Derek Winnert

Lust for a Vampire ** (1971, Ralph Bates, Michael Johnson, Yutte Stensgaard, Barbara Jefford, Suzanna Leigh, Mike Raven, Helen Christie) – Classic Movie Review 2892


Director Jimmy Sangster’s 1971 horror is the second of Hammer Films’ three movies derived from J Sheridan Le Fanu’s book Carmilla or at least its characters. Though star Ralph Bates described it as the least favourite film of his movies and ‘one of the worst films ever made’, it is a fascinating if adolescent erotic vampire movie.

Hammer’s Karnstein Trilogy of vampire films were all scripted by Tudor Gates: The Vampire Lovers (1970), Lust for a Vampire (1971) and Twins of Evil (1971).

Ralph Bates stars in Lust for a Vampire as Giles Barton, while Michael Johnson plays Richard Lestrange, an 1830s English writer who discovers that ravishing mid-European schoolgirl Mircalla (Yutte Stensgaard) is a reincarnated vampire, Countess Carmilla Karnstein.


Stensgaard packs the sensual charge her role needs, while director Sangster, though seeming uneasy with the story’s decadence, achieves visually fine sequences of furtive vampiring before resorting to pop songs and sex jokes.

Also in the cast are Barbara Jefford as Countess Herritzen, Suzanna Leigh as Janet Playfair, Mike Raven as Count Karnstein, Helen Christie as Miss Simpson, Pippa Steel, David Healy, Harvey Hall, Michael Brennan, Jack Melford, Christopher Cunningham, Judy Matheson, Christopher Neame, Eric Chitty, Caryl Little, Jonathan Cecil, Kirsten Lindhom and Luan Peters.

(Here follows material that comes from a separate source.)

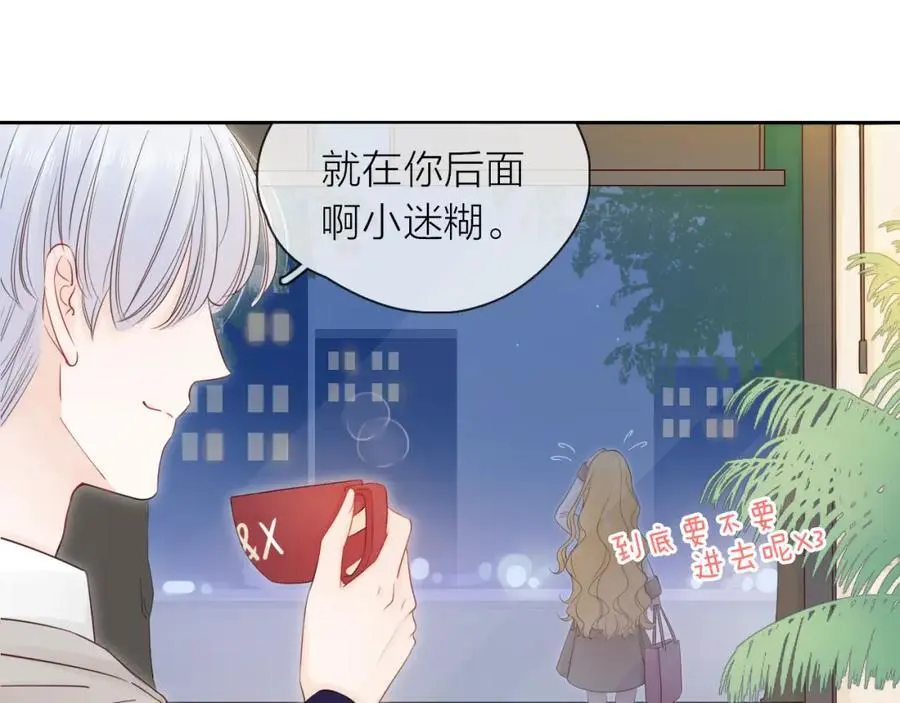 第18话 初次合作95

Peter Cushing was to play the lead but left shortly before filming to look after his ailing wife and Bates was cast at short notice. Sangster also replaced Terence Fisher at short notice. Bernard Robinson died hours after he was hired as production designer and was replaced by Don Mingaye.

Though Mike Raven was a radio DJ, his voice as Count Karnstein was dubbed by Valentine Dyall.

Danish model Stensgaard gave up acting and emigrated to the US in the mid-Seventies and took up a job selling air time for a Christian radio station in Oregon.

Before the Hammer Films’ three movies, Christopher Lee’s Crypt of the Vampire (1964) is the third adaptation of Sheridan Le Fanu’s novel Carmilla, following Carl Theodor Dreyer’s Vampyr (1932) and Roger Vadim’s Blood and Roses (1960).